Karl Haitana
- Born: Karl Haitana 29 March 1984 (age 42) Marton, New Zealand
- School: Palmerston North Boys' High School

Rugby union career
- Position: Prop
- Current team: Tunbridge Wells

Youth career
- Hurricanes

Senior career
- Years: Team / Apps / (Points)
- 2005-2008: North Harbour
- 2008: Manawatu Turbos
- 2009-2010: Northland
- 2010: Manawatu Turbos
- 2013: Blackrock College
- 2014-: Tunbridge Wells

International career
- Years: Team / Apps / (Points)
- New Zealand Schools
- –: New Zealand U-19
- –: New Zealand U-21

= Karl Haitana =

NZ rugby union player

Karl Haitana is a rugby union player born in Marton, New Zealand on 29 March 1984. He has represented New Zealand at international level at a number of age groups and currently plays for English side Tunbridge Wells RFC as a Prop.

== Career ==
Haitana started playing rugby while at Palmerston North Boys' High School, where he was selected to play for the Hurricanes Schools. In 2005, Haitana started to play for North Harbour Rugby Union. In 2008 Haitana started to play for Manawatu Turbos however he was injured while playing for them. During recovery Haitana was approached in 2009 to play for Northland Rugby Union in the Air New Zealand Cup by his former All Black under 21 coach Bryce Woodward. During his time with Northland, he was popular due his facial hair and mullet, which he grew and later had removed for a charity. In 2010, Haitana left Northland to return to Manawatu Turbos however after a second hamstring injury, he was released by Manuwatu. After a few years, Haitana played a few games for Freyberg in Palmerston North before being signed by Irish club Blackrock College RFC in 2013. In 2014, Haitana signed with English team Tunbridge Wells RFC.
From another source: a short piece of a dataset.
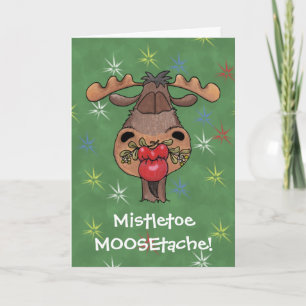 Tarjeta Festiva Mistletoe MOOSEtache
===International career===
While at school, Haitana was selected to play for the New Zealand national schoolboy rugby union team. He has also been selected to play for the New Zealand national under-19 rugby union team. Haitana was also selected for the New Zealand national under-21 rugby union team in the 2004 Under 21 Rugby World Championship and the 2005 Under 21 Rugby World Championship.